Given a vector space $V$ over field $\mathbb{C}$, define the Fock space $\mathcal{F}(V)$ as $$\mathcal{F}(V)\equiv \oplus_{N=0}^{\infty} V^{\otimes N} $$ with $V^{\otimes 0}\equiv\mathbb{C}$.
For example, if $V=\mathbb{C}$, then $V^{\otimes N}=\mathbb{C}$, so $\mathcal{F}(\mathbb{C})=ℓ^2(\mathbb{N})=L^2(\mathbb{R})$.
What's about $\mathcal{F}(\mathbb{C}^N)$? Is it $ℓ^2(\mathbb{N})\otimes ℓ^2(\mathbb{N}) \cdots \otimes ℓ^2(\mathbb{N}) $($N$ times tensor product), or $ℓ^2(\mathbb{N})\oplus ℓ^2(\mathbb{N}) \cdots \oplus ℓ^2(\mathbb{N}) $($N$ times direct sum)? Or $\mathcal{F}(\mathbb{C}^N)$ is neither of them.
First of all, keep in mind that all seperable infinite-dimensional Hilbert spaces are isomorphic. So any combination of tensors and sums that has a countable basis will be the right answer. I guess what you want to know is are they naturally isomorphic? Even $\ell^2(\mathbb{N})$ and $L^2(\mathbb{R})$ are not naturally isomorphic, right?

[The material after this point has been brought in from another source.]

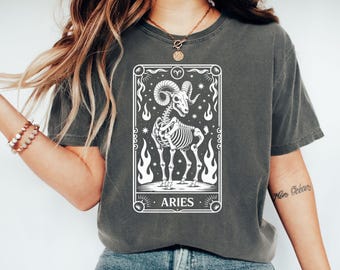 Widder Sternzeichen T-Shirt, Skelett Widder T-Shirt, Gothic Astrologie Shirt, Horoskop Geschenkidee, Feuerzeichen T-Shirt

When you say that $\mathcal{F}(\mathbb{C})$ is $\ell^2(\mathbb{N})$, what isomorphism do you have in mind? Presumably one which maps $a_0 + a_1 e + a_2 e\otimes e + \dotsb$ (where $e$ is a basis for $\mathbb{C}$) to the $\ell^2$ sequence $(a_0,a_1,a_2,\dotsc)$. These spaces have canonical bases, so this is a natural isomorphism.

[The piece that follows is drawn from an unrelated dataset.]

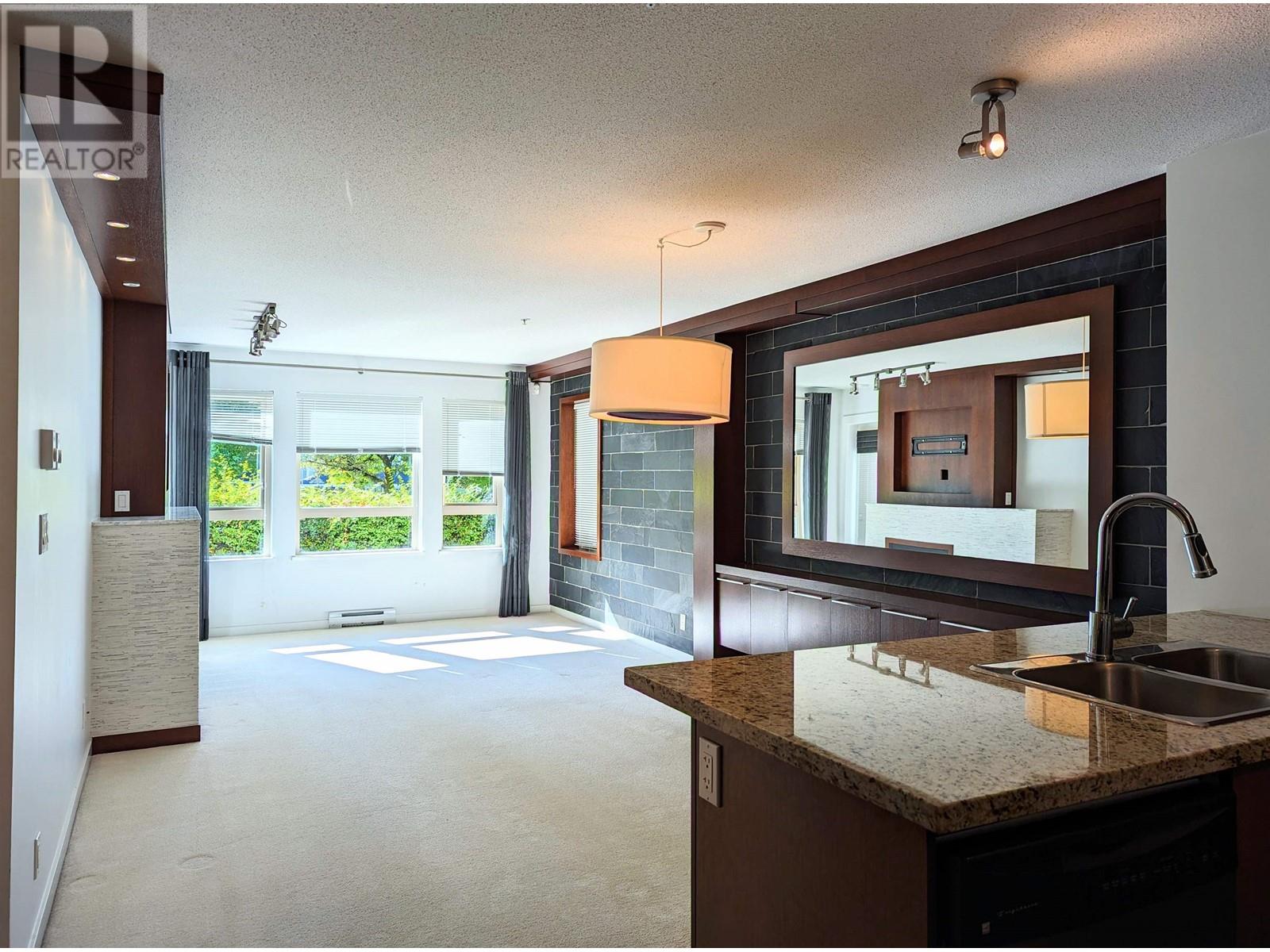 102 3097 Lincoln Avenue, Coquitlam, British Columbia  V3B 0E3 - Photo 1 - R2822299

Similarly, for $\mathcal{F}(\mathbb{C}^n)$, the tensors are still finite dimensional, so the same thing works. We have a basis $e_1,\dotsc,e_n$ for $\mathbb{C}^n$, then a basis for eg $\mathbb{C}^n\otimes \mathbb{C}^n$ is $e_1\otimes e_1,e_1\otimes e_2,\dotsc$. Put these basis vectors in multi-index order, then we can map a vector $a_0 + a_1^ie_i + a_2^{ij}e_i\otimes e_j+\dotsb$ in $\mathcal{F}(\mathbb{C}^n)$ to a sequence of the coefficients in $\ell^2$. So here is an isomorphism $\mathcal{F}(\mathbb{C}^n)\cong\ell^2(\mathbb{N})$. But again, all separable infinite dimensional Hilbert spaces are isomorphic to $\ell^2(\mathbb{N}).$
In summary, a choice of basis for $V$ induces an enumeration $\mathcal{F}(V)$, and a choice of basis is more or less the same as an isomorphism to $\ell^2(\mathbb{N}).$ You may also wish to realize the isomorphism with $\ell^2(n^0)\oplus\ell^2(n)\oplus\ell^2(n^2)\oplus\dotsb$.
While it is also true that $\underbrace{\ell^2(\mathbb{N})\oplus\dotsb\oplus\ell^2(\mathbb{N})}_{n\text{ times}}$ and $\underbrace{\ell^2(\mathbb{N})\otimes\dotsb\otimes\ell^2(\mathbb{N})}_{n\text{ times}}$ are separable Hilbert spaces, and therefore isomorphisms could be proved to exist, I do not expect them to be natural. In particular, I do not think there is a natural isomorphism of functors like $\mathcal{F}(V\oplus W)\cong \mathcal{F}(V)\oplus\mathcal{F}(W)$ or $\mathcal{F}(V\oplus W)\cong \mathcal{F}(V)\otimes\mathcal{F}(W)$, which assumption seems to be the motivation of the question.